DATASET RECORDS

______________________________

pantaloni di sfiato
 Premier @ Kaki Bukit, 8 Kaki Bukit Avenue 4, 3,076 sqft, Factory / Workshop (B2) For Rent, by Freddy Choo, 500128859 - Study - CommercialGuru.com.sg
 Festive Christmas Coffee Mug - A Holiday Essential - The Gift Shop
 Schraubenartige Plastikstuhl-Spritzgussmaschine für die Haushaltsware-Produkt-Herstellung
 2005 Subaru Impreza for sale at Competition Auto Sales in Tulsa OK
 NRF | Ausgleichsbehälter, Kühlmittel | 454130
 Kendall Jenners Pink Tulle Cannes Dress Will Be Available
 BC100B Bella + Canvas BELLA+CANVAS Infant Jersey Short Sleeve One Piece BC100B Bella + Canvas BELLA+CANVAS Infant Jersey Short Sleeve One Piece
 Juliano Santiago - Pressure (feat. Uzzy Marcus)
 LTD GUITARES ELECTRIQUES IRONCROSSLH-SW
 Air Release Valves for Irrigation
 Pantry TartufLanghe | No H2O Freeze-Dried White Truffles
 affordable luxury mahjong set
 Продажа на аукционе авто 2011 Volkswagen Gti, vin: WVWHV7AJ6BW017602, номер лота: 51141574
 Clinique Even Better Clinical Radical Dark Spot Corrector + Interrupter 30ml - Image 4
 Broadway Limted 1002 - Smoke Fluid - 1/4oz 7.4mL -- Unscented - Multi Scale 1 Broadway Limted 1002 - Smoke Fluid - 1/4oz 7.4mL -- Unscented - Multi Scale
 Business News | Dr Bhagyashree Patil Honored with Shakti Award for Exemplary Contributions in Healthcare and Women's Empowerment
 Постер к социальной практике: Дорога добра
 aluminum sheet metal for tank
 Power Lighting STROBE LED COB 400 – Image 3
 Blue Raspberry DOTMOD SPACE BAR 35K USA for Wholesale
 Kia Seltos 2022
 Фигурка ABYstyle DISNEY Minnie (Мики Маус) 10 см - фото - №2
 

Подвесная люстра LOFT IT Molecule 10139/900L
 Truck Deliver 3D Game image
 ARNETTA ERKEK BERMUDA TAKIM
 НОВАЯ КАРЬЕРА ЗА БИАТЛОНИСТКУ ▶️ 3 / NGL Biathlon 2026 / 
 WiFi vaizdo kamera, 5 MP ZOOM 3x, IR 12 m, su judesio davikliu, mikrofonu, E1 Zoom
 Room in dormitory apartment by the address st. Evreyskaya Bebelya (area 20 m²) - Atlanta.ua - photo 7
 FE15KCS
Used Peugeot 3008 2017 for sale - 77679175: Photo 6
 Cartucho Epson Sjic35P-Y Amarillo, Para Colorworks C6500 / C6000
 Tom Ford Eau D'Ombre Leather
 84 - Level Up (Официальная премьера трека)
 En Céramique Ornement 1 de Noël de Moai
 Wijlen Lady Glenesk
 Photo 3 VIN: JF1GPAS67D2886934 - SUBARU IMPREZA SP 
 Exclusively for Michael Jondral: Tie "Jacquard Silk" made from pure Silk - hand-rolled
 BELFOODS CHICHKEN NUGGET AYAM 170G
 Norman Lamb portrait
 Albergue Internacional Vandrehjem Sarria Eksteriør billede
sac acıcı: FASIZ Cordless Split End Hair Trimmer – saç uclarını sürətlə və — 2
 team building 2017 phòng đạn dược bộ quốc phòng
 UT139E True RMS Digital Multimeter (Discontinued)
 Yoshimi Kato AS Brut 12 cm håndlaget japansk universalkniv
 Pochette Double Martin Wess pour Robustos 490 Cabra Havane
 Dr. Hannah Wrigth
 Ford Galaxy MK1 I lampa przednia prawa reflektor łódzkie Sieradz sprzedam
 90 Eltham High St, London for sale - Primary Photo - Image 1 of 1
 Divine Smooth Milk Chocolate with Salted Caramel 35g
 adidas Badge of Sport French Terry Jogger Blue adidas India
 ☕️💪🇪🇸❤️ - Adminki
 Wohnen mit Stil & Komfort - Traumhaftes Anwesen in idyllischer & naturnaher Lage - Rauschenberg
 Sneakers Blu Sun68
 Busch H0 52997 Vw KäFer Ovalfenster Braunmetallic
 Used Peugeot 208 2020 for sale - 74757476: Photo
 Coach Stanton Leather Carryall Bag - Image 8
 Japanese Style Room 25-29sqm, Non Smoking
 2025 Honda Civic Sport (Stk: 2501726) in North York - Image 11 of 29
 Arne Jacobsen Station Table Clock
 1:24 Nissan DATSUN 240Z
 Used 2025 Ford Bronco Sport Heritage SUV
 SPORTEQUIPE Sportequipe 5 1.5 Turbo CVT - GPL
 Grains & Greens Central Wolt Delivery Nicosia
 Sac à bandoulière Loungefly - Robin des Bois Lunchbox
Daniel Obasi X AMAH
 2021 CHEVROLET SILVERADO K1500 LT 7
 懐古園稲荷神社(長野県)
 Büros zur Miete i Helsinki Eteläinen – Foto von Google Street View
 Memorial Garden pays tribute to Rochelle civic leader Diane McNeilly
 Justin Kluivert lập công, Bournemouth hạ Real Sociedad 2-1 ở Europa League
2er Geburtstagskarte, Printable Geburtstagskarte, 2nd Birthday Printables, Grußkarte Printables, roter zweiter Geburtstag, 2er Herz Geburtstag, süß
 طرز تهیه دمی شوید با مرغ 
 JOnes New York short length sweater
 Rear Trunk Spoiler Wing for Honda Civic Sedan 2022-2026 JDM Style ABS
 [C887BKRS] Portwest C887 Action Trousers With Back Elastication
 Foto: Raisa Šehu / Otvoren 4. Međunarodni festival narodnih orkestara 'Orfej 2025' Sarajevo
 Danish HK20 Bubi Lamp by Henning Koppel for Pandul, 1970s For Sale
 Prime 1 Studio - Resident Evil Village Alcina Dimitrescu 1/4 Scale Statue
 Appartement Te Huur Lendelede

______________________________

YOUR ASSIGNMENT
The task here is to output the line with "Foto: Raisa Šehu" and all lines after it to the end of the records above, exactly and only those.

ANSWER
 Foto: Raisa Šehu / Otvoren 4. Međunarodni festival narodnih orkestara 'Orfej 2025' Sarajevo
 Danish HK20 Bubi Lamp by Henning Koppel for Pandul, 1970s For Sale
 Prime 1 Studio - Resident Evil Village Alcina Dimitrescu 1/4 Scale Statue
 Appartement Te Huur Lendelede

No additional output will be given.